Rob Strobel '95 came to Earlham after serving in the U.S. Army during the Gulf War. He worked in management for the Kessler's Sporting Goods chain and with the consulting firm Deloitte and Touche before joining Lithko in 2003. Lithko Contracting is one of largest commercial concrete contractors in the United States, with business units in nine cities, and about $150 million in contracts each year. This is an expanded version of an interview that appears in the Winter 2012 issue of Earlhamite magazine.
First, how did you happen to come to Earlham?
Out of high school, I joined the Army. At the time, I figured I would serve the minimum of two years, and take the $17,000 G.I. Bill money they promising and go to college, buy a car, and put a down payment down on a house. That was my perspective at the time on $17,000. So after I got out, I went to Morehead State University (Ky.) and walked on to play football. But then I got a call from my mother, in tears, telling me she has received a certified letter informing me I was going to Desert Storm.
After my tour in the war, my girlfriend at the time got a job with an insurance agency in Richmond, so I decided to go with her and go to school. That's how I found out about Earlham.
How did Earlham affect the way you approach leading your business?
When I entered Earlham, our class had the theme, "unity through diversity." Coming from the military, I thought that was crazy, but I learned that diversity is where real unity comes from.
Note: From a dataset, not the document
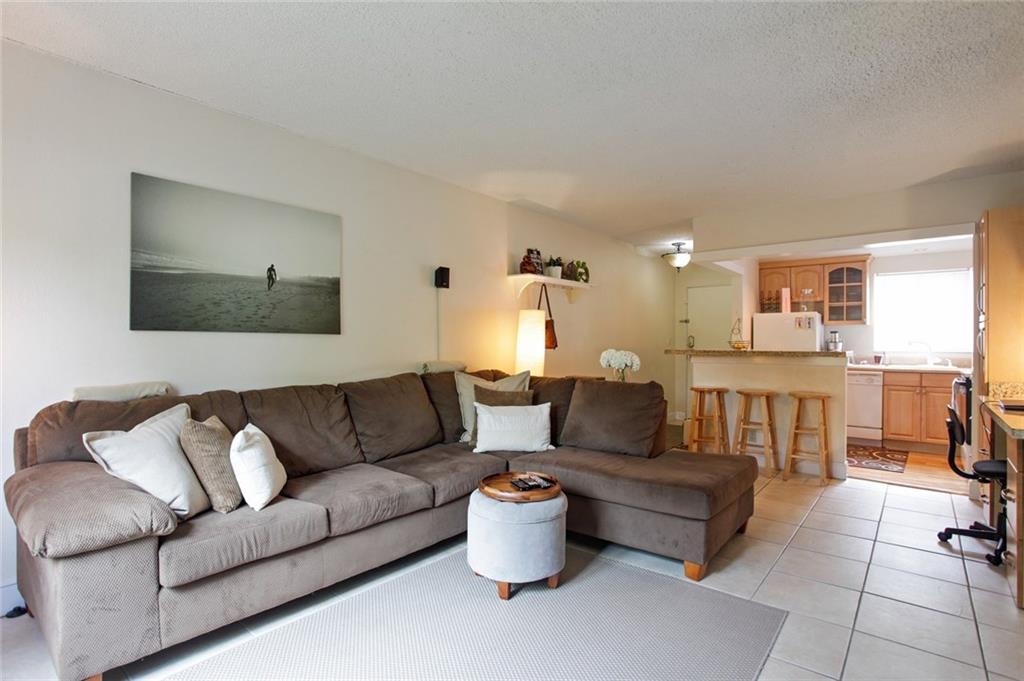 HARBORDALE BREEZES - Residential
You can't have real unity if you don't understand where other people are coming from. But if you talk with people and appreciate the data points that they have gathered through life, then you can walk the journey together. It's good for business when individuals come together for a common purpose.
So how do you balance what you learned at Earlham with what you learned in the military?
Earlham is great about celebrating diversity and coming to consensus, and as I've said, those things are very important. The military approach emphasizes metrics, milestones and achieving tactical excellence. I try to put the two together. The Earlham approach helps bring people together without asking people to lose their individuality, and the military approach creates an environment where people have the ability to execute with excellence.
Tell us about your approach to leadership.
At Lithko, we use a localized management style where projects are managed locally and all our employees typically work within a 90-mile radius of their homes. We call these business units "BURGS" (Business Units Running Great). This makes for a more engaged work force. We want our employees to develop relationships with others in their communities, to raise their families in the communities where they work and to be home every night. One of the pros of this approach is that we can develop leadership at a lower level, because decisions aren't just coming down from on high. Lithko takes a collaborative approach to leadership and its very rare that our leadership team doesn't reach consensus. When we can walk out of a leadership meeting shoulder to shoulder, with everyone buying into a decision, then we can move forward with speed.